O cinema brasileiro vive um de seus momentos mais emblemáticos no cenário internacional. Na madrugada da última segunda-feira (12), o filme O Agente Secreto alcançou um feito histórico ao conquistar dois prêmios no Globo de Ouro 2026, um dos mais importantes reconhecimentos da indústria audiovisual mundial, nas categorias Melhor Filme em Língua Não Inglesa e Melhor Ator em Filme de Drama, com Wagner Moura.
Dirigido por Kleber Mendonça Filho, o longa colocou o Brasil novamente no centro das atenções culturais globais e consolidou uma trajetória que vinha sendo construída desde sua estreia em festivais internacionais, como o Festival de Cannes, onde já havia sido premiado e amplamente elogiado pela crítica especializada.
O feito é ainda mais marcante por se tratar da primeira vez que uma produção brasileira vence duas estatuetas em uma mesma edição do Globo de Ouro, algo que não acontecia desde Central do Brasil, vencedor em 1999 na categoria de Melhor Filme em Língua Não Inglesa.
Mais do que troféus, a vitória simboliza o reconhecimento da força narrativa, estética e autoral do cinema brasileiro, capaz de dialogar em igualdade com grandes produções mundiais. Para historiadores e profissionais do audiovisual, o impacto vai além do glamour das premiações.
André Ribeiro
Para o Mestre em História André Ribeiro, o momento representa um divisor de águas. “A vitória de Wagner Moura no Globo de Ouro não é apenas um reconhecimento ao talento individual, mas um marco para toda a indústria cinematográfica brasileira”, afirma. Ele lembra que, assim como Fernanda Torres foi premiada em 2025 por Ainda Estou Aqui, Wagner se torna o primeiro ator brasileiro a conquistar o prêmio individual na categoria de drama.
Ribeiro destaca ainda a relevância histórica do filme. Ambientado em 1977, durante o auge da ditadura civil-militar, O Agente Secreto acompanha um professor que vive sob vigilância constante, em um clima de paranoia sufocante. “Ao abordar os porões do regime, o filme cumpre uma função social fundamental: manter viva a memória coletiva e combater o negacionismo histórico. Wagner Moura traduz a angústia de uma geração silenciada e transforma um drama político em uma experiência humana universal”, analisa.

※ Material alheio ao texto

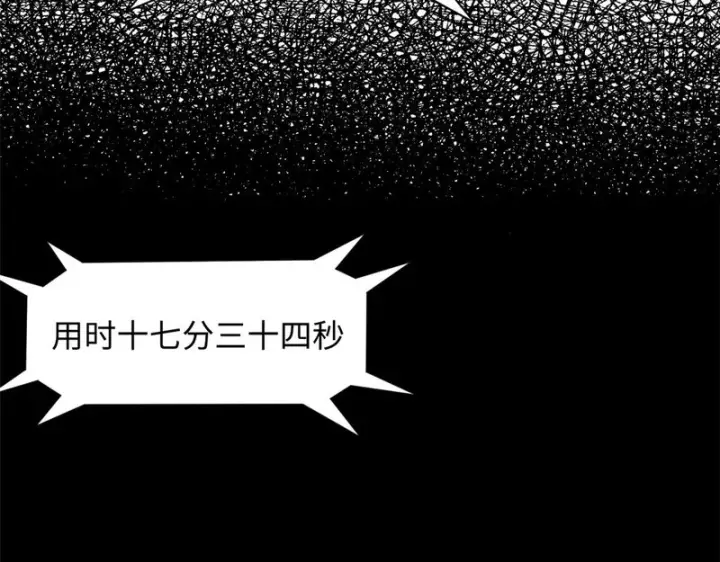 漫画《顶级气运，悄悄修炼千年》236 星辰鸿蒙体觉醒第169张图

Segundo o historiador, o peso do Globo de Ouro vai muito além do tapete vermelho. “O prêmio valida o cinema brasileiro como um produto de exportação de altíssimo nível. Quando Wagner sobe ao palco, os holofotes se voltam também para diretores, roteiristas e técnicos brasileiros, facilitando a distribuição de outros filmes nacionais e atraindo investimentos estrangeiros”, avalia.
O reconhecimento internacional também reforça o chamado soft power brasileiro, fortalecendo o orgulho pela própria cultura e língua. “O sucesso gera demanda, empregos e combate o velho ‘complexo de vira-lata’. Do figurino à pós-produção, toda a cadeia audiovisual é beneficiada”, completa Ribeiro.
Cassiano Zanella
Para o diretor de cinema Cassiano Zanella, a vitória foi simbólica e estratégica. “Marca um ponto de virada na campanha do filme para a temporada de premiações. Assim como Ainda Estou Aqui precisou do empurrão do Globo de Ouro no ano passado, agora O Agente Secreto passa a ser prioridade da distribuidora Neon”, explica.
Zanella observa que, apesar de ter conquistado dois prêmios em Cannes, o filme vinha crescendo de forma discreta até ganhar visibilidade decisiva nas últimas semanas. “Com os prêmios e a repercussão recente, as apostas se voltam totalmente para o filme, que pode alcançar indicações ao Oscar em várias categorias, inclusive Filme, Ator, Direção e Roteiro”, projeta.
Em um país marcado por polarizações e disputas em torno da própria memória histórica, O Agente Secreto surge como obra de reflexão, denúncia e diálogo. Ao conquistar o mundo, o filme reafirma que o cinema brasileiro não apenas conta boas histórias, ele ajuda o país a compreender a si mesmo e a se posicionar diante do mundo.